La personne, considérée comme le nom clé de l’affaire, Cafer Erçakmak, lors du massacre, membre de Conseil de la Mairie de Sivas, et 8 autres accusés qui se sont évadés après la décision de la Cour Suprême en 1997, n’ont toujours pas été trouvés. Récemment il a été découvert que certains “évadés” étaient recherchés à des adresses erronées, voire à l’adresse du bureau de leur avocat, inscrite “par inadvertance” dans le dossier comme adresse de résidence… De plus les personnes en fuite étaient recherchées non pas pour avoir brûlé vif 33 personnes, mais pour avoir transgressé la loi des rassemblements et manifestations.
Le dossier concernant 7 des “évadés”, a été clos le 13 mars 2012, pour prescription. La Cour Suprême sollicitée par les avocats des plaignants a confirmé cette dernière décision en juillet 2014.
Notons que, Recep Tayyip Erdoğan, à l’époque Premier ministre avait déclaré : « Que cette décision soit bénéfique pour notre Nation, pour notre Patrie. »
Le massacre de Sivas, en pleine lumière
Avec Sivas’93, Genco Erkal, veut porter la réalité d’un massacre sur les planches. Il dénonce ce qui s’est passé à Sivas, le 2 juillet 1993 et il met en scène une réalité que les autorités préfèrent taire. Ainsi, il met en lumière une page noire dans l’histoire récente de la Turquie.
Genco Erkal partage avec nous ses pensées dans “L’histoire de la pièce, Oyunun Öyküsü” :
« Je m’enferme chez moi, je me plonge dans les documents. Bien sûr, je n’arrive plus à dormir. Les témoignages des personnes ayant vécu cet événement ; les photos prises à l’intérieur de l’hôtel, à la morgue, aux funérailles ; les enregistrements vidéo sont d’une capacité à décomposer la nature humaine. Je me dis que tout le monde doit les voir. Pour qu’un tel événement ne se reproduise plus, il faut que l’on arrive à se confronter au massacre de Sivas. Au fur et à mesure qu’on descend dans les profondeurs, différentes dimensions apparaissent. Une énigme non résolue. Un mystère pas complètement découvert. Comme cela arrive à chaque événement de cette envergure chez nous ; il n’y a pas de causes réelles, les vrais responsables n’existent pas.

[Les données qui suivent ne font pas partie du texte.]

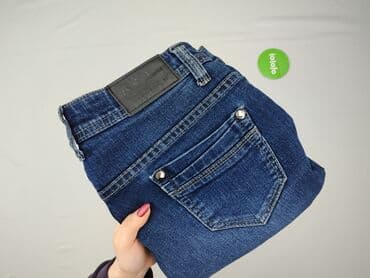 34 jeans: Jeansy dla mężczyzn, rozmiar S — 5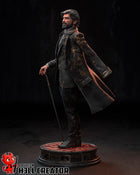 Renoir — Clair Obscur: Expedition 33 — Statue by H3llcreator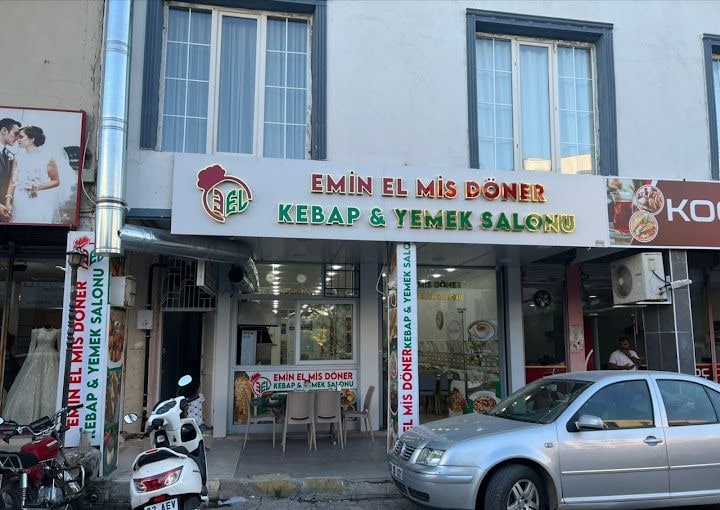 Emin El Mis Döner- Kebap&Yemek Salonu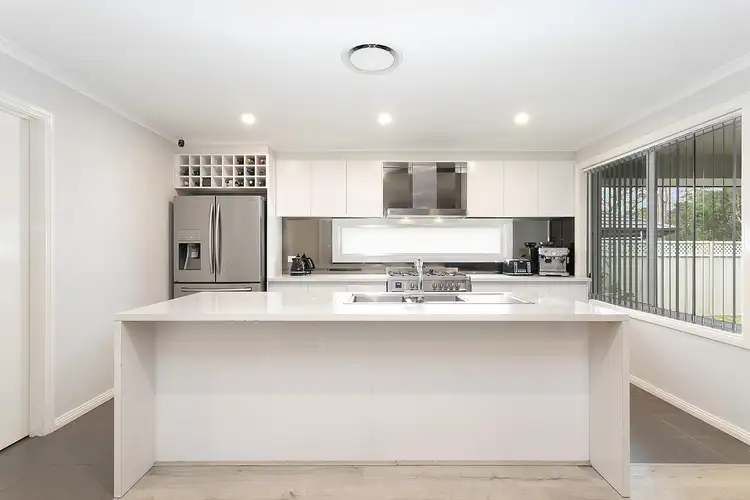 Second view of Homely house listing, 69 Settlers Road, Wadalba NSW 2259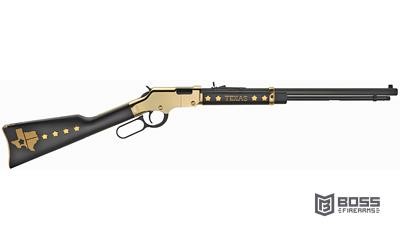 HENRY GOLDEN BOY TX TRIBUTE 22LR 20in-img-0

Tout est mis dans le noir, tout est caché, dénaturalisé.
Il y a tant d’événements comme ça, que nous connaissons de près. A chaque fois, c’est le même jeu qui est joué mais nous n’arrivons pas résoudre le mystère, nous n’arrivons pas à nous réveiller. Nous pourrons, peut-être, être utiles si nous arrivons à mener le spectateur à réfléchir, à discuter tout en exposant dans la pièce le fonctionnement de ce mécanisme avec toutes ses dimensions que nous connaissons déjà. »

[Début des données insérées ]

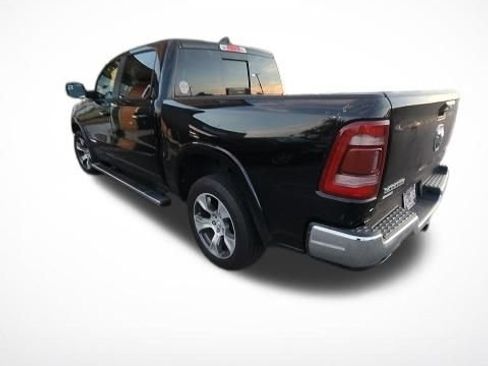 Used 2022 RAM 1500 Laramie AWD/4WD image 7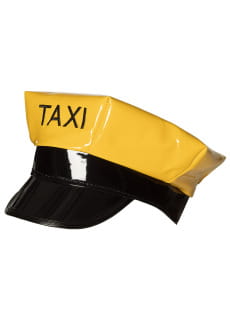 Czapka taks�wkarza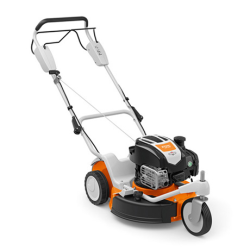 CORTACESPED STIHL  RM 3 RT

Ce n’est peut-être pas une coïncidence, lorsque ce texte dramatique attire l’attention du festival pour l’édition de 2017. Nous traversons encore aujourd’hui beaucoup de moments obscurs… Comme Genco le dit, le même jeu est joué et rejoué… Beaucoup d’entre nous, que ce soit en Turquie, en Syrie, en Europe, ou ailleurs, éprouvons le sentiment de nous retrouver face à des énigmes non résolues, des mystères pas encore complètement découverts… Peut-être des textes comme Sivas’93, comme Rwanda’94 pourront éclairer pour nous, le chemin de la vérité, et, surtout, pour que tout cela ne s’oublie pas.